Gabon
Un délai de deux ans avant les élections libres promises au Gabon par les militaires ayant renversé le président Ali Bongo est un "objectif raisonnable", a estimé dimanche auprès de l'AFP le Premier ministre de transition.
Le 30 août, l'armée a renversé Ali Bongo Ondimba, au pouvoir depuis 14 ans, quelques instants après qu'il a été proclamé réélu au terme d'une élection jugée frauduleuse par les militaires et l'opposition.
Le général Brice Oligui Nguema, proclamé Président de la transition, a promis aussitôt de rendre le pouvoir aux civils par des élections au terme d'une période dont il n'a pas annoncé la durée.

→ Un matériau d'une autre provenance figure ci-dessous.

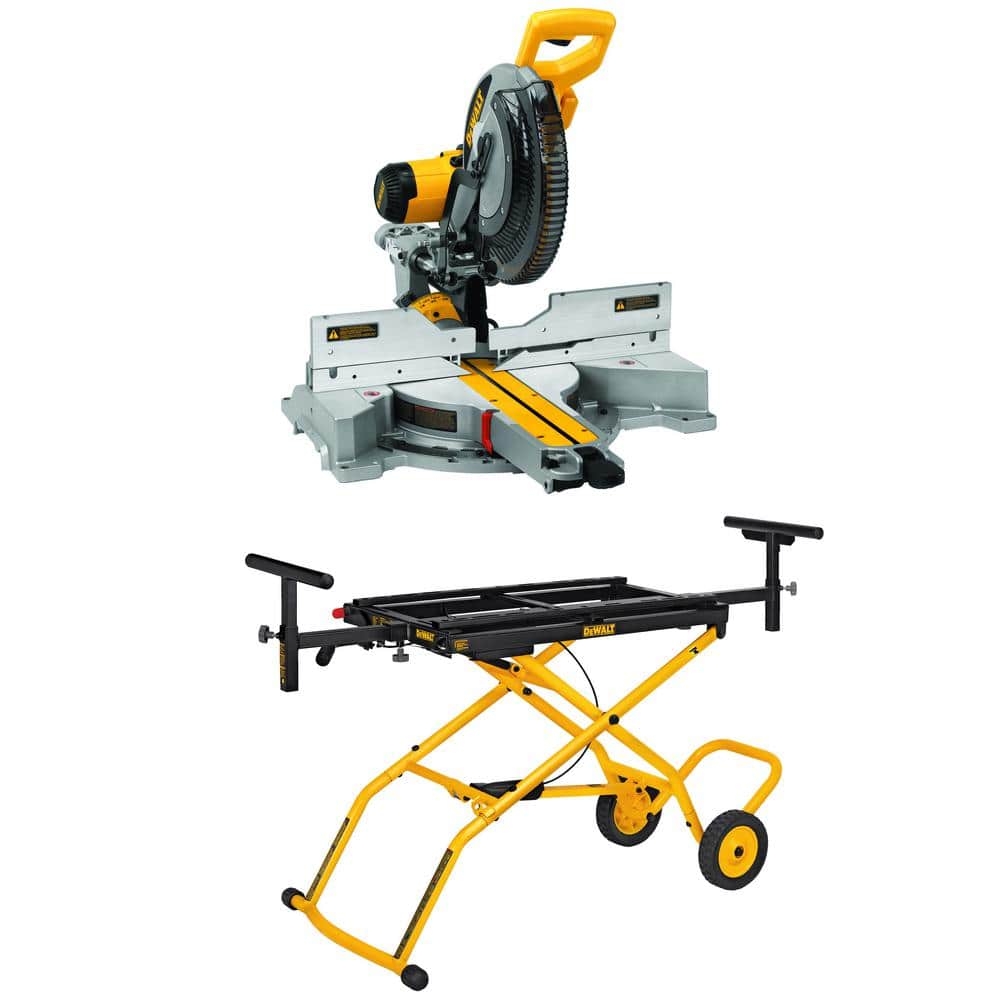 DeWalt 15 Amp Corded 12 In Double Bevel Sliding Compound Miter Saw And 32 1 2 In X 60 In Rolling Miter Saw Stand DWS779WDWX726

"Il est bon de partir sur un objectif raisonnable en disant: nous avons le souhait de voir le processus aboutir en 24 mois pour qu'on puisse revenir à des élections", a déclaré Raymond Ndong Sima, civil nommé Premier ministre jeudi dernier par les militaires, ajoutant que cette période pourrait être "légèrement supérieure ou inférieure".
M. Ndong Sima, 68 ans, a été porté à la tête du gouvernement de la transition par le général Oligui Nguema. Il était auparavant l'un des ténors de l'opposition à M. Bongo.
Le coup d'Etat du 30 août s'est fait en quelques instants et sans effusion de sang, tous les chefs de corps de l'armée et de la police s'étant rassemblés derrière le général Oligui.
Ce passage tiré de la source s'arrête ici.